Thursday, 2 February 2012
Freeman's Wood: Can it be saved?
As we reported last month, Lancastrians have reacted angrily to the news that Freeman's Wood near the Lune Industrial Estate - long open to the public and popular with walkers, bikers and bird watchers - has been fenced off by landowners The Property Trust, a Bermuda-based company headed by a Hong Kong businessman, who have lodged an objection against the TPO.
Lancaster City Council has issued the following statement to Virtual-Lancaster:
"Lancaster City Council has received a formal objection in relation to Tree Preservation Order no 496 (2011), which affects trees to the west of Luneside Industrial Estate and the area known locally as Freeman's Wood.
"The city council will examine the objection in accordance with its procedures. In the event that the objection is not withdrawn then the usual process involves the consideration of the Tree Preservation Order, and the nature of the objection to it, at a specially-convened Appeals Committee. This would resolve whether the Tree Preservation Order can be confirmed without modification, or whether it can be confirmed with modification, or whether it should not be confirmed at all. A date has yet to be set for the Appeals Committee."
Local councillor Jon Barry is one of several now organising a campagn to prevent any development, and has appealed for proof that former landowners, Willamson's, who used the land as a tip, gave the land to the people of the Marsh estate.

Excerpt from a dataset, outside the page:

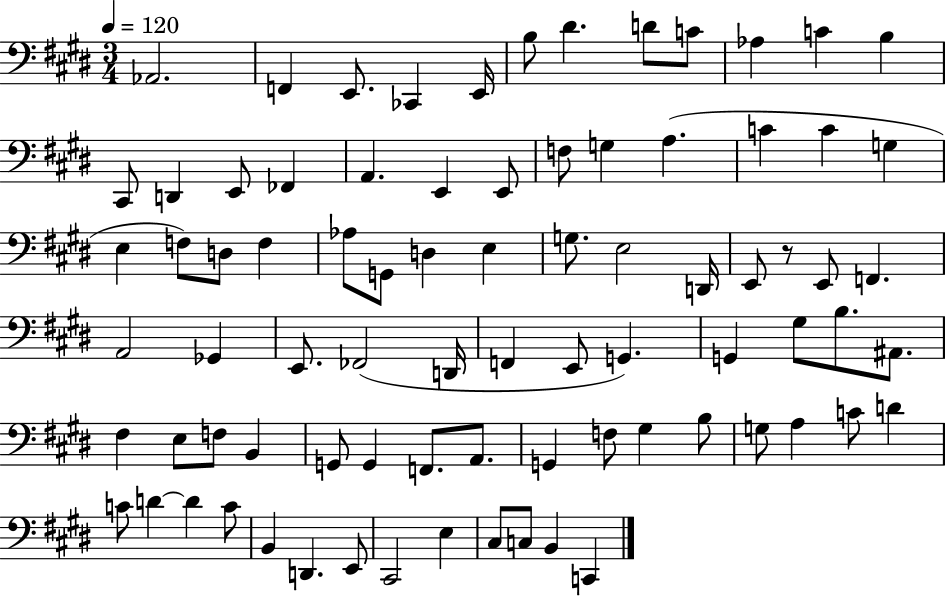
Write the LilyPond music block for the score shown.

One option - although one tried in other areas with mixed results - is to give support to the Council's Tree Preservation Orders on the Freeman's Wood woodland, which were granted just after the fence went up.
This is vitally important if locals want to save the site as woodland as, otherwise, the owners can simply clear it and destroy all the habitat in one foul swoop.

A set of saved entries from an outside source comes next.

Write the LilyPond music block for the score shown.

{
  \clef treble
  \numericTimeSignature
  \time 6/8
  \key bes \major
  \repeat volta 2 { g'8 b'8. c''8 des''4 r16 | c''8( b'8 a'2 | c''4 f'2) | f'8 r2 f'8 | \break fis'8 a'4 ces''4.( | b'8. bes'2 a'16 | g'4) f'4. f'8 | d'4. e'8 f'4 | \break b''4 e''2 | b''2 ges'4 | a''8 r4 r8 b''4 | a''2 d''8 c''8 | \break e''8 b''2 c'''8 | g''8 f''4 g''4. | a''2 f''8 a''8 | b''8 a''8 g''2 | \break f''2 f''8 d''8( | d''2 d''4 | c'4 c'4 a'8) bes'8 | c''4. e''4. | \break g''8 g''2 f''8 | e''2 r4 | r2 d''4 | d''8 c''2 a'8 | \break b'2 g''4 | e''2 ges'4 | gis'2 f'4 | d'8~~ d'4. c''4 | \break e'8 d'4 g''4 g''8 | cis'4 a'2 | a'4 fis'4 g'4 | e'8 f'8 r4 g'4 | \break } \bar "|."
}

If you know this area, campaigners are appealing to users to please write in and say that you support the TPO order:
"For example, individuals or groups may wish to express their support detailing how they use the area in general, what they 'feel' about the woodland and the value and enjoyment that they believe it brings to the locality.

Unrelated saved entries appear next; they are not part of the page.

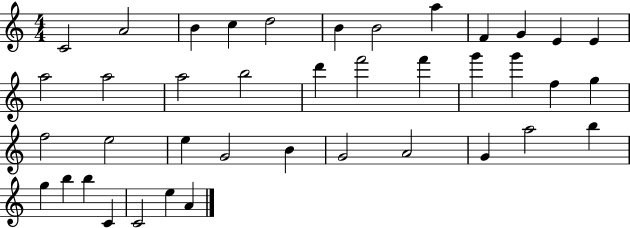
X:1
T:Untitled
M:4/4
L:1/4
K:C
C2 A2 B c d2 B B2 a F G E E a2 a2 a2 b2 d' f'2 f' g' g' f g f2 e2 e G2 B G2 A2 G a2 b g b b C C2 e A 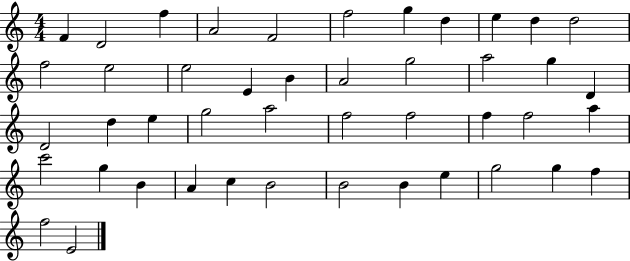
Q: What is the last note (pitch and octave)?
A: E4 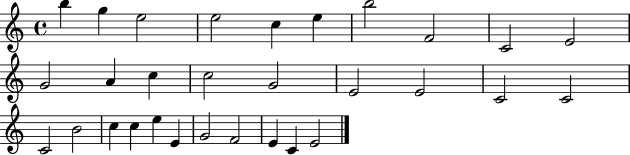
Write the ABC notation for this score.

X:1
T:Untitled
M:4/4
L:1/4
K:C
b g e2 e2 c e b2 F2 C2 E2 G2 A c c2 G2 E2 E2 C2 C2 C2 B2 c c e E G2 F2 E C E2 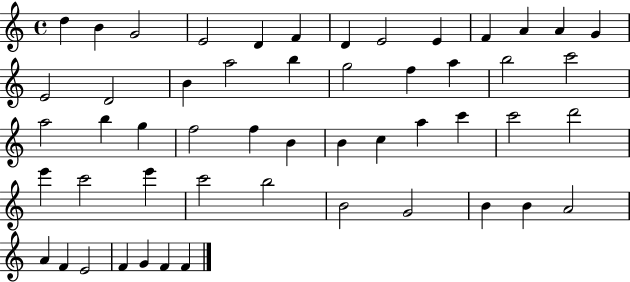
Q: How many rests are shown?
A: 0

"Wildlife value is obviously important, and should be mentioned if that is what is believed to be the case. However, TPOs are served with amenity value and the enjoyment of the public in mind.
"Visual appearance, greening, screening, character of an area, potential longevity, scarcity, or rarity are all factors that may apply in any given situation; wildlife value is 'an also ran' if you will, it cannot be a sole reason for serving a TPO, though it is a wider consideration."